◆ Assigned task ◆
Whenever a line below includes the word "North", copy that line.

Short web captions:
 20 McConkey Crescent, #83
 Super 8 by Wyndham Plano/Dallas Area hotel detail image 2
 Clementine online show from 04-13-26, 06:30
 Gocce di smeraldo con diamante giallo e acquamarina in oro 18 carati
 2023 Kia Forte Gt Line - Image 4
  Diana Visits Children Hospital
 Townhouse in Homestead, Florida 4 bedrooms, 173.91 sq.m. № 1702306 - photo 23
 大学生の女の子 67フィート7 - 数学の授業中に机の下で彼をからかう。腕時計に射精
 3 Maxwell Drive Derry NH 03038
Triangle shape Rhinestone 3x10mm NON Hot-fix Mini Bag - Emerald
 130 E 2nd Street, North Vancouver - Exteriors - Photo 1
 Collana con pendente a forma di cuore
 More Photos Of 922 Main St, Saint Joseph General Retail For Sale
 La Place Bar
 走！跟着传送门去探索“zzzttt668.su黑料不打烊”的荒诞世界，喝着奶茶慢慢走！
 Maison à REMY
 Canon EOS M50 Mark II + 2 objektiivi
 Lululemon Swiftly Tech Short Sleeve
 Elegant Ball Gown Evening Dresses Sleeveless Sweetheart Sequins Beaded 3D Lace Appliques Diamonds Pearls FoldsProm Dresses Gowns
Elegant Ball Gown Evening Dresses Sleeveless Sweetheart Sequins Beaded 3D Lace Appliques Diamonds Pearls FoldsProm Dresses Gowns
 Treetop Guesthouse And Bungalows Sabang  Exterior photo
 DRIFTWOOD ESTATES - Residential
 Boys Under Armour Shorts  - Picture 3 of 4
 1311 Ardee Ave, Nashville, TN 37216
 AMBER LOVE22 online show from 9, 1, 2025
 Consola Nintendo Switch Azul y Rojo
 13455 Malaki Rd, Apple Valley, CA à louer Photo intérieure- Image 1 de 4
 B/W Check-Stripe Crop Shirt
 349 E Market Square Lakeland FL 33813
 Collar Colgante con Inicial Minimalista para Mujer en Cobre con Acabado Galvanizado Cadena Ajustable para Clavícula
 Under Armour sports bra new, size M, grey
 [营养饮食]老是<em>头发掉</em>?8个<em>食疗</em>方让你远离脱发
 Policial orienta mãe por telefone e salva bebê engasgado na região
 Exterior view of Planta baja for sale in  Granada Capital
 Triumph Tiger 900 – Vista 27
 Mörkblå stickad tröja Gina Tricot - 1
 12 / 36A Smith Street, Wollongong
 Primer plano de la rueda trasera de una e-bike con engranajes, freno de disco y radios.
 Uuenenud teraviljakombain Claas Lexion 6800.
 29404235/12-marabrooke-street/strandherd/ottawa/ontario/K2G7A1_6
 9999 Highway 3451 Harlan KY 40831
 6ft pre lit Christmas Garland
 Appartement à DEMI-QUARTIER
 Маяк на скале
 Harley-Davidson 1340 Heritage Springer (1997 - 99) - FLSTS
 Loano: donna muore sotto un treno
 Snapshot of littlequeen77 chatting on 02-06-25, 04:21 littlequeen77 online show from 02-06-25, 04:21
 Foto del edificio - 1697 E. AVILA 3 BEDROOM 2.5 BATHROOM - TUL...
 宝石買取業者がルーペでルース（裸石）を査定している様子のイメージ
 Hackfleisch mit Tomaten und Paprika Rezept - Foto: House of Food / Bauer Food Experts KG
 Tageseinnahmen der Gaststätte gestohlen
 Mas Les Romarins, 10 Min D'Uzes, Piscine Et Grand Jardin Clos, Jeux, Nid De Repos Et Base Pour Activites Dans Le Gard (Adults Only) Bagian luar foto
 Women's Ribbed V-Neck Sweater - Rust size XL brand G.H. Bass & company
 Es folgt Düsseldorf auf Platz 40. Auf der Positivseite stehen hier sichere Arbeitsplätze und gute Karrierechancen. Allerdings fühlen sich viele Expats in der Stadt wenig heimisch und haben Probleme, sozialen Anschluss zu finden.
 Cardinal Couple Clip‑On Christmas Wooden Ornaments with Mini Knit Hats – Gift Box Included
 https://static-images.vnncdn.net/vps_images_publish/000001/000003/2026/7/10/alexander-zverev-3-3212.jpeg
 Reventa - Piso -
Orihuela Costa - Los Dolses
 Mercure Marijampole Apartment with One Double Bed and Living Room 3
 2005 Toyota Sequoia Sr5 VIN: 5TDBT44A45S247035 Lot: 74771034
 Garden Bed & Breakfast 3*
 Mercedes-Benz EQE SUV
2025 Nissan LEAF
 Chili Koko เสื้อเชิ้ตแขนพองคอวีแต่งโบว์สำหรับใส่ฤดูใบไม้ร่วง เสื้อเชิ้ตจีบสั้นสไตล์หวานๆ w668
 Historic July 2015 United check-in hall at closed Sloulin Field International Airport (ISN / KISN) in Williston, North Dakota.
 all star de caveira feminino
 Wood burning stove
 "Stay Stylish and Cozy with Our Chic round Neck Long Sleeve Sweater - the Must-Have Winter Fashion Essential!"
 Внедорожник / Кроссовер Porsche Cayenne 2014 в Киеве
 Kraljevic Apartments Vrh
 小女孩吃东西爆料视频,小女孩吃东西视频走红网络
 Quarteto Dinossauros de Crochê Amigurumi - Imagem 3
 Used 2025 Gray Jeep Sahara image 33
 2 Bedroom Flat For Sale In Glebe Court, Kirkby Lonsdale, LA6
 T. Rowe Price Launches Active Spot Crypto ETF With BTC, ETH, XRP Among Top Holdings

◆ Expected answer ◆
 130 E 2nd Street, North Vancouver - Exteriors - Photo 1
 Historic July 2015 United check-in hall at closed Sloulin Field International Airport (ISN / KISN) in Williston, North Dakota.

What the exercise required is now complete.